**Activity**
What you give back should be exactly the lines from the one with "this 1024×682 image." through the end of the data, without the pictures.

**Free-text object descriptions**
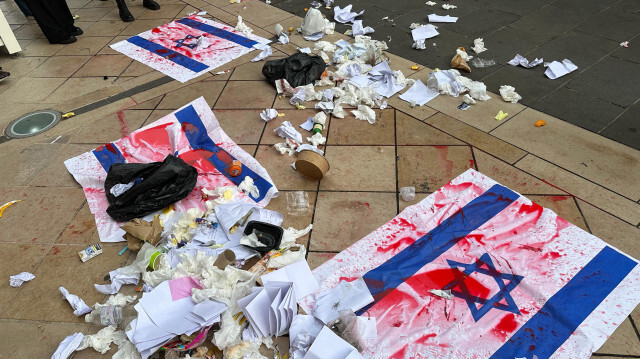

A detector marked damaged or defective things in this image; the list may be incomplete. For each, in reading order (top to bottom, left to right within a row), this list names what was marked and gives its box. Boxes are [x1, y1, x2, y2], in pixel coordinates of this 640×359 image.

torn document [332, 4, 362, 23]
torn document [544, 59, 580, 80]
torn document [400, 79, 440, 106]
torn document [498, 86, 524, 104]
torn document [9, 272, 35, 288]
torn document [59, 288, 92, 316]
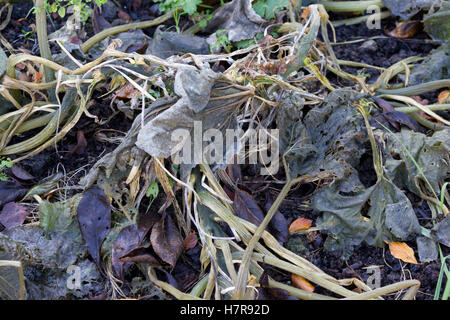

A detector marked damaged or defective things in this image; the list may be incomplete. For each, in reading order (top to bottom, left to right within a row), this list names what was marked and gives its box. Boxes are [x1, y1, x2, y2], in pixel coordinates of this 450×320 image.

frost damaged foliage [278, 89, 426, 258]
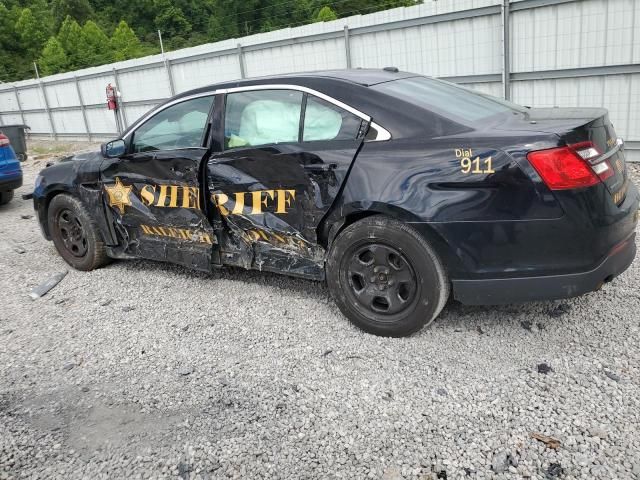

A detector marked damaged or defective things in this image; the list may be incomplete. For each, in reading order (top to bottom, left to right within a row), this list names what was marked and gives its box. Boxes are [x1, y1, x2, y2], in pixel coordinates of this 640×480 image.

broken side mirror [100, 139, 125, 159]
damaged sheriff car [30, 69, 640, 336]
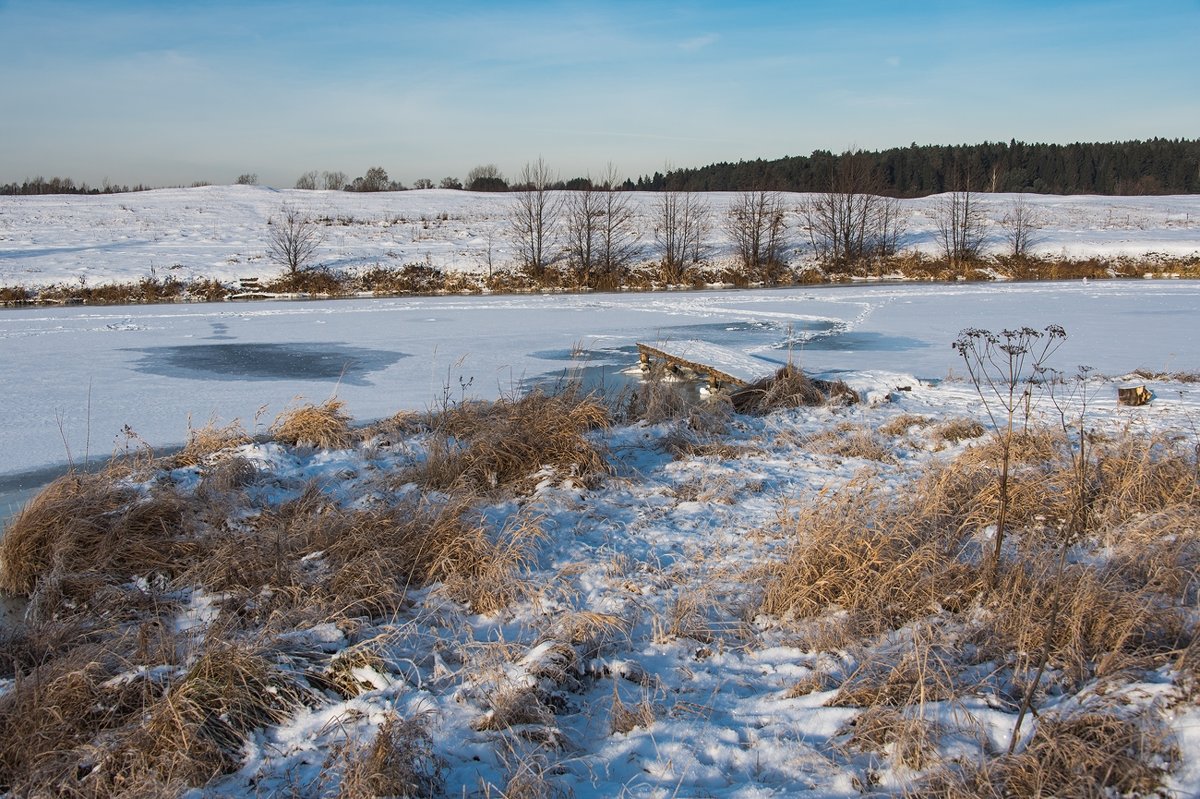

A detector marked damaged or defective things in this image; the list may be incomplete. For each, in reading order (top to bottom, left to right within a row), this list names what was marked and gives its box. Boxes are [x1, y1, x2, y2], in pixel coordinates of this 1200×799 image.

broken wooden board [638, 335, 777, 388]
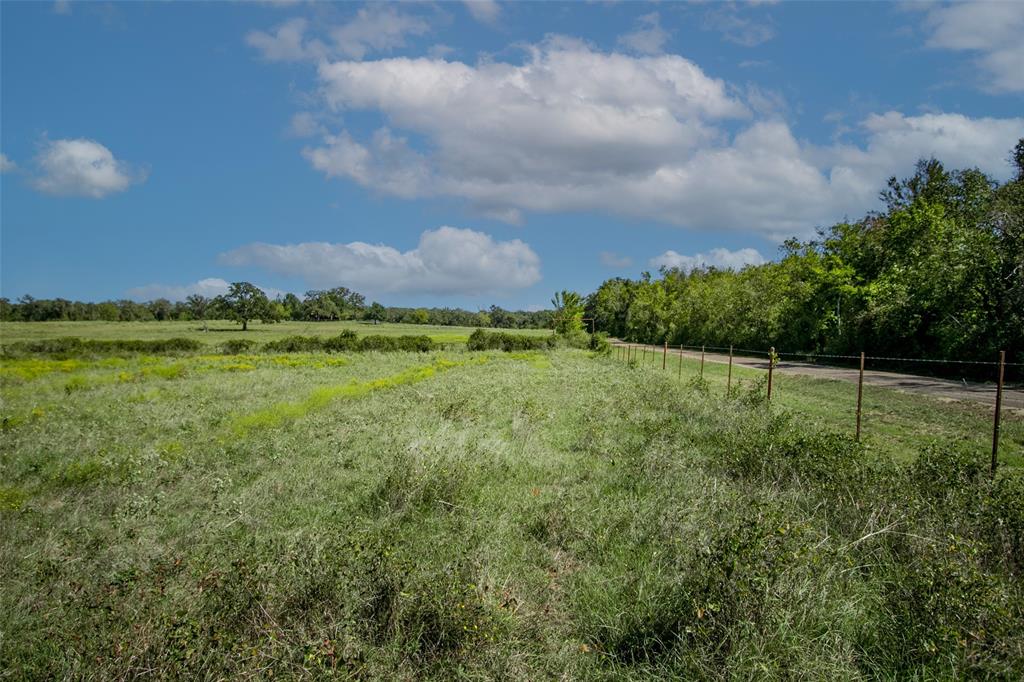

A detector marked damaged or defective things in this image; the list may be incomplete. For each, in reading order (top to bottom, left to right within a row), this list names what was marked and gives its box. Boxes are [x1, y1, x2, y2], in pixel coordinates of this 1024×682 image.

rusty fence post [992, 350, 1008, 472]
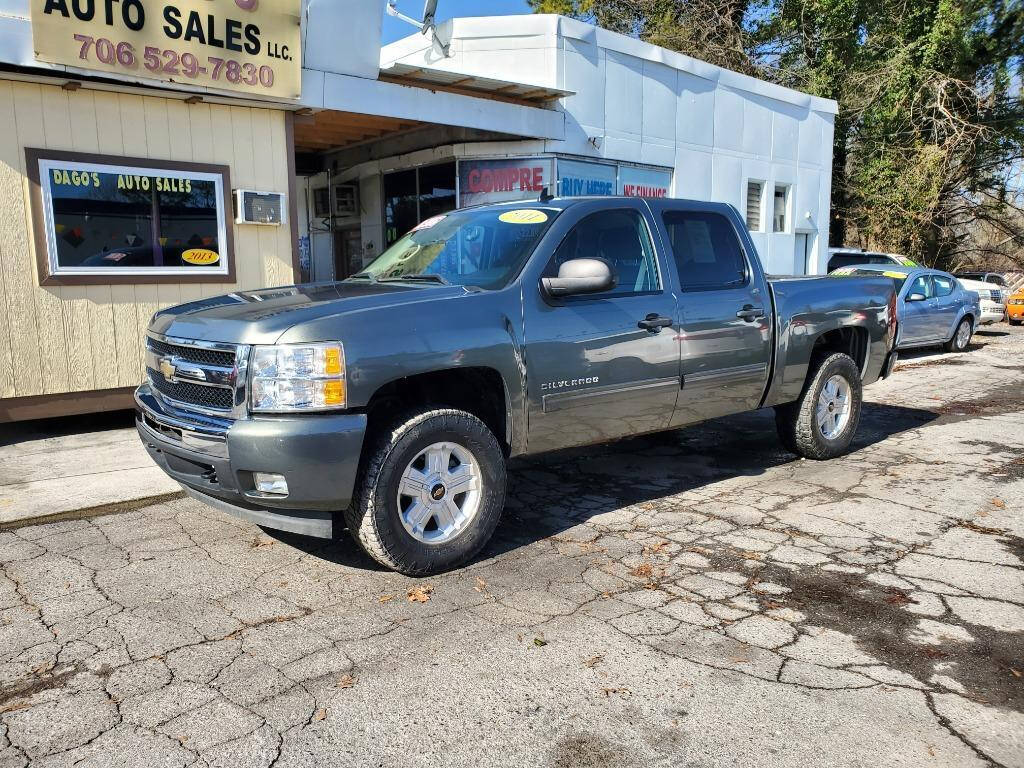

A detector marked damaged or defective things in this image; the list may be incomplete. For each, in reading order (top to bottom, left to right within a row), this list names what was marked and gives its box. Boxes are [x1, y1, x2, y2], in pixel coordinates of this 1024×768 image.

**Task result**
A detector marked damaged or defective things in this image; the list may be incomplete. For each, in reading order (top to bottom, left to right within a row), this list names what was marked and gives its box. Boxes are [x1, y1, x2, y2], in pixel coordinates of this 1024×682 image.

rusty fence post [992, 350, 1008, 472]

A detector marked damaged or defective things in this image; the list may be incomplete. For each, in reading order (top to bottom, left to right within a row), this list names what was marked and gives its box. Boxes are [x1, y1, x2, y2], in pixel coordinates of this 1024×768 image.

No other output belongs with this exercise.